How to efficiently find pairs of nodes in a graph that when removed will cause the graph to split?


Consider this simple biconnected graph (graph without articulation points):

import networkx as nx

G = nx.diamond_graph()
nx.draw(G, with_labels=True)

diamond graph

I want to find out what two pairs of nodes when removed from the graph will cause the graph to split. For example removing nodes 1 and 2 from this graph will cause the graph to have 2 components: node 3 and node 0). For this I am removing the combination of nodes one by one and counting the number of components left in the graph.

from itertools import combinations

breaking_combinations = []
combos = combinations(G.nodes(), 2)
for combo in combos:
    G_copy = G.copy()
    init_num_components = nx.number_connected_components(G_copy)
    G_copy.remove_nodes_from(combo)
    num_components_after_combo_removed = nx.number_connected_components(G_copy)
    if num_components_after_combo_removed > init_num_components:
        breaking_combinations.append(combo)

print(breaking_combinations)

The logic works fine and I am getting the expected results: (1, 2) in this example.
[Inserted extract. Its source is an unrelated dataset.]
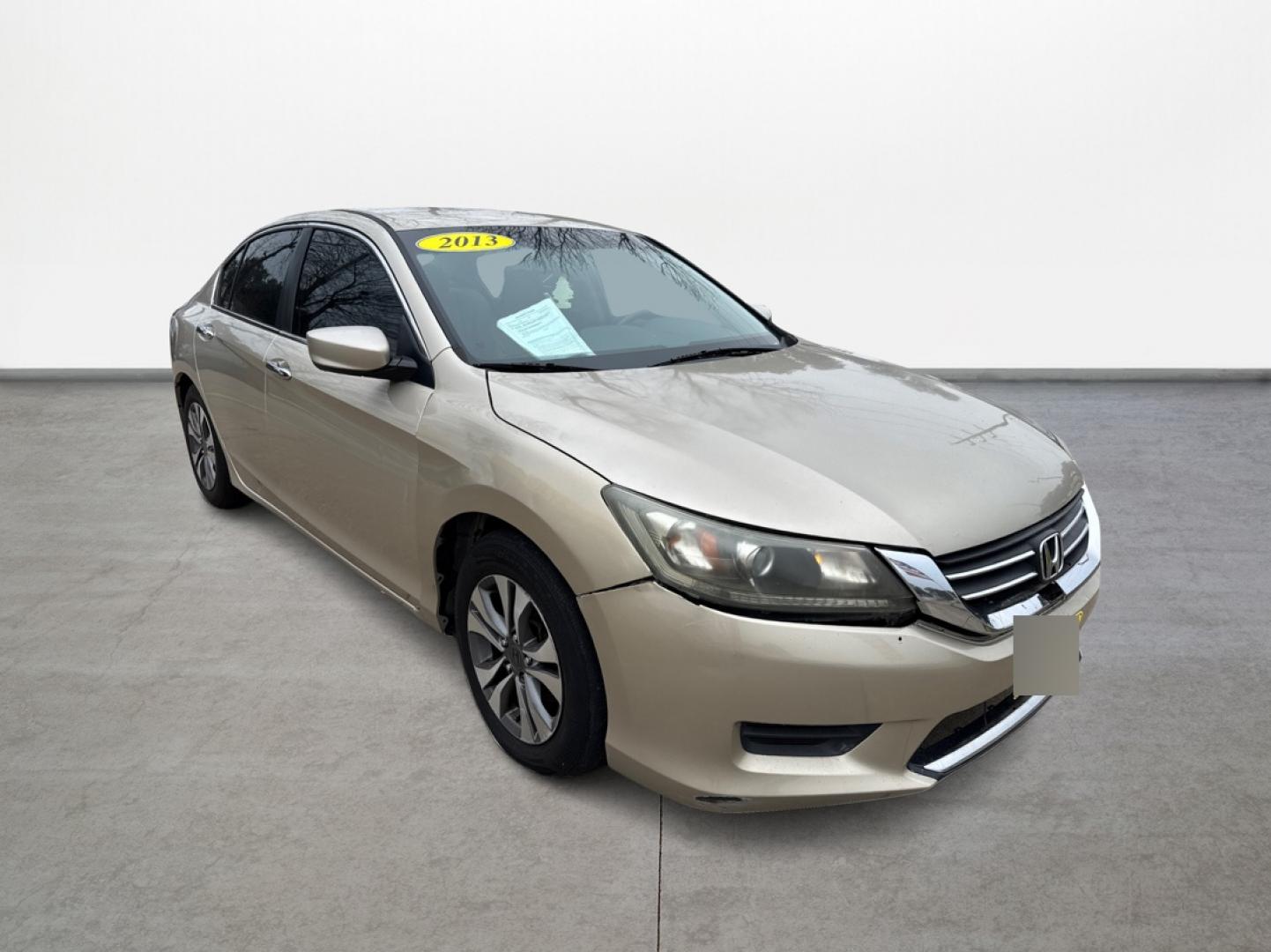 2013 Honda Accord LX Sedan CVT (1HGCR2F30DA) with an 2.4L L4 DOHC 16V engine, Continuously Variable Transmission transmission, located at 16710 Clay Rd., Houston, TX, 77084, (281) 859-7900, 29.834864, -95.656166 - Photo#2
But this process is so slow on big graphs (~10,000 nodes) that it takes forever to find all combinations in the graph.

My question is: is there an efficient alternate approach I can use to achieve the same results - perhaps by using in-built networkx algorithms?


Solution

  • To expand on my comment above:

    import networkx as nx
    
    G = nx.diamond_graph()
    
    solutions = []
    for removed_node in G:
        H = G.subgraph([node for node in G if node != removed_node]) # subgraph views are much faster to initialize than copies
        solutions.extend([(removed_node, node) for node in nx.articulation_points(H)])
    print(solutions)
    # (1, 2), (2, 1)
    

    Edit

    I also did a little bit of testing. The results are encouraging.

    import networkx as nx
    
    from itertools import combinations
    
    
    def find_articulation_pairs(G):
        solutions = []
        for removed_node in G:
            H = G.subgraph([node for node in G if node != removed_node]) # subgraph views are much faster to initialize than copies
            solutions.extend([(removed_node, node) for node in nx.articulation_points(H)])
        return solutions
    
    
    def find_articulation_pairs_baseline(G):
        # the original approach with minor improvements
        total_components = nx.number_connected_components(G) # no need to compute this number on each iteration
        solutions = []
        for removed_nodes in combinations(G, 2):
            H = G.subgraph([node for node in G if node not in removed_nodes])
            if nx.number_connected_components(H) > total_components:
                solutions.append(removed_nodes)
        return solutions
    
    
    def test_correctness():
        G = nx.diamond_graph()
        print(find_articulation_pairs(G))
        print(find_articulation_pairs_baseline(G))
    
    
    def test_running_time():
        import time
    
        # large random graph
        G = nx.erdos_renyi_graph(100, 0.1)
    
        # largest biconnected subgraph
        H = G.subgraph(max(nx.biconnected_components(G), key=len))
    
        tic = time.time()
        _ = find_articulation_pairs(H)
        toc = time.time()
        _ = find_articulation_pairs_baseline(H)
        tac = time.time()
    
        print(f"Baseline time: {tac-toc:.2f}")
        print(f"Improved time: {toc-tic:.2f}")
    
    
    if __name__ == "__main__":
    
        test_correctness()
        test_running_time()
    
    

    Running the script results in the following output:

    [(1, 2), (2, 1)]
    [(1, 2)]
    Baseline time: 14.72
    Improved time: 0.44
    

    Edit #2

    Both approaches are trivial to parallelize, so depending on the number of available cores, there is another speed-up of factor 4-12 to achieve.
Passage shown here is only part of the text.